The second reading is a description of our calling in response to Jesus’s going to God on our behalf. We are to be humble, to risk for the sake of the gospel. We should take our anxieties to God – and surely, we have many at the moment – and know that God will shoulder them for us because we are cared for. We must be disciplined – to stay alert for the many ways we stumble in this life, the many temptations that entice us away from a gospel-led life: pride, vanity, selfishness, and anger. “Like a roaring lion, your adversary the devil prowls around looking for someone to devour,” we are warned, and yet we know the devil we must be most watchful for prowls around inside each of us. And then we are reminded that we are in this effort of faith together: “[k]now your brothers and sisters in all the world are undergoing the same kinds of suffering.” And yet when all is done, we have a promise: we will be restored, supported, strengthened, and established. In our faith, we will find firm footing.

This is a relationship with God meant to change the world. We are not dictated to; we are given a mission if we choose to accept it. We are cautioned that it will be hard going. And yet we are told that we can seek the counsel of God, through prayer and community, and that we will be kept safe. We are not alone, though we may feel it. We have God, and we have one another.

Indeed, Jesus answers my question about the cardinal, this presence of calm and beauty. God was always there, but we weren’t always paying attention. Jesus reminds of what that relationship can be like when we lean on what we know of the gospel. It is one of mutual respect that thinks the best of us. An example for us in all our relationships.

We have a chance, in our slower days, to watch for our own cardinals. To wonder, how did I not them before? What prevented me? And, more importantly, how can I keep seeing them all my life?

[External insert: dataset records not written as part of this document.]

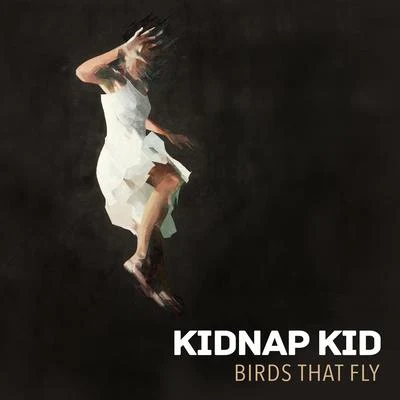 Birds That Fly 專輯 Kidnap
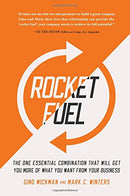 Rocket Fuel: The One Essential Combination That Will Get You More of What You Want from Your Business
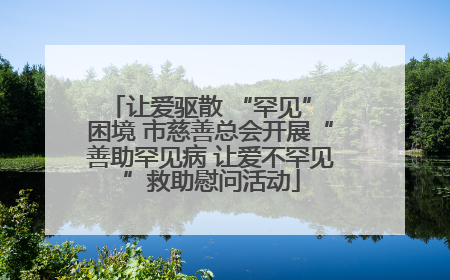 让爱驱散 “罕见” 困境 市慈善总会开展“善助罕见病 让爱不罕见”救助慰问活动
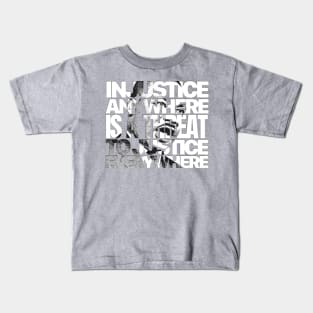 Injustice Anywhere is a Threat to Justice Everywhere Kids T-Shirt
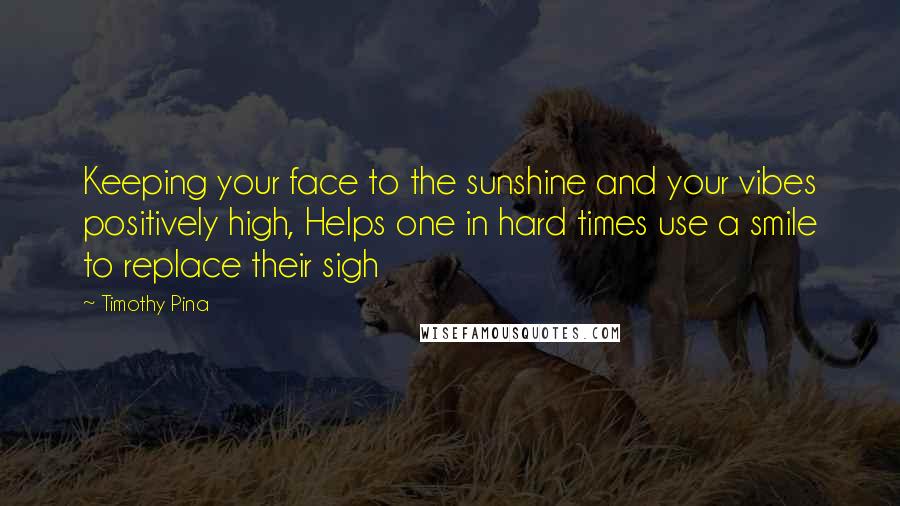 Timothy Pina Quotes: Keeping your face to the sunshine and your vibes positively high, Helps one in hard times use a smile to replace their sigh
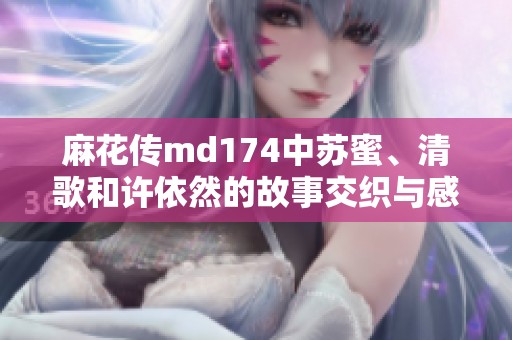 麻花传md174中苏蜜、清歌和许依然的故事交织与感动解析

We now face the next challenge in this pandemic, as the province slowly reopens, one step at a time. It is our job as God’s people to do this responsibly, to follow the guidelines, to be patient with others, to educate ourselves about the science. In this time of suffering, we are called to be just as the second lesson described: disciplined, humble, and alert to our lesser natures that may make us impatient and careless with our dealings with other.

I watch for the cardinal now. I am learning to look for it. I think of that as progress, an intentionally sought reminder of my covenant with God. My wish for you this week, is that you also find your cardinal, whatever form it takes.